But never should I be a be able to eradicate from my memory that contraction of her face, that anguish of her heart, or rather of mine; for as the dead exist only in us, it is ourselves that we strike without respite when we persist in recalling the blows that we have dealt them. I clung to this pain, cruel as it was, with all my strength, for I realised that it was the effect of the memory I had of my grandmother, the proof that this memory was indeed present within me. I felt that I did not really remember her except through pain, and I longed for the nails that riveted her to my consciousness to be driven yet deeper.

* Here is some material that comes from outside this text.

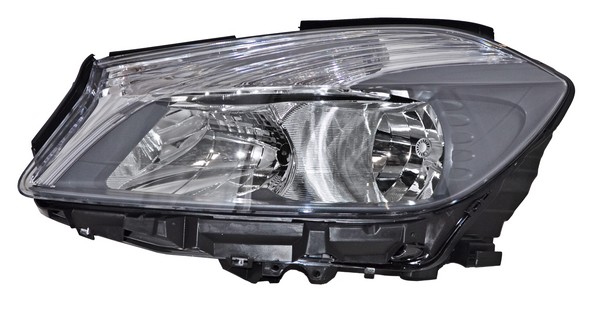 FARO MERCEDES BENZ CLASE A 2013 AL 2018 C/MOTOR IZQ TYC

Marcel Proust, Cities of the Plain, p. 786
Building upon yesterday's reading (and setting up tomorrow's - and the next day's, this is
Remembrance of Things Past, after all), Proust continues to reflect upon the memory of his grandmother, and especially the pain that he brought her. He could have tried to shift to thoughts of happier times but he did not. Rather, "I clung to this pain, cruel as it was, with all my strength, for I realised that it was the effect of the memory I had of my grandmother, the proof that this memory was indeed present within me." Since memory is stamped by emotion it's not particularly surprising that Proust, or any of us for that matter, remember the painful events so clearly. I think happy moments, or at least the vast majority of happy moments, are quieter moments, and thus not as emotionally-charged, so they are not imprinted on our memory as clearly, whereas painful moments are sharper, more discordant, and thus more likely to be locked away in our memory virtually intact. Still, Marcel doesn't shy away from them because he feels that they are all he has, and he has to cherish every memory of his grandmother, even the painful ones, because "the dead exist only in us."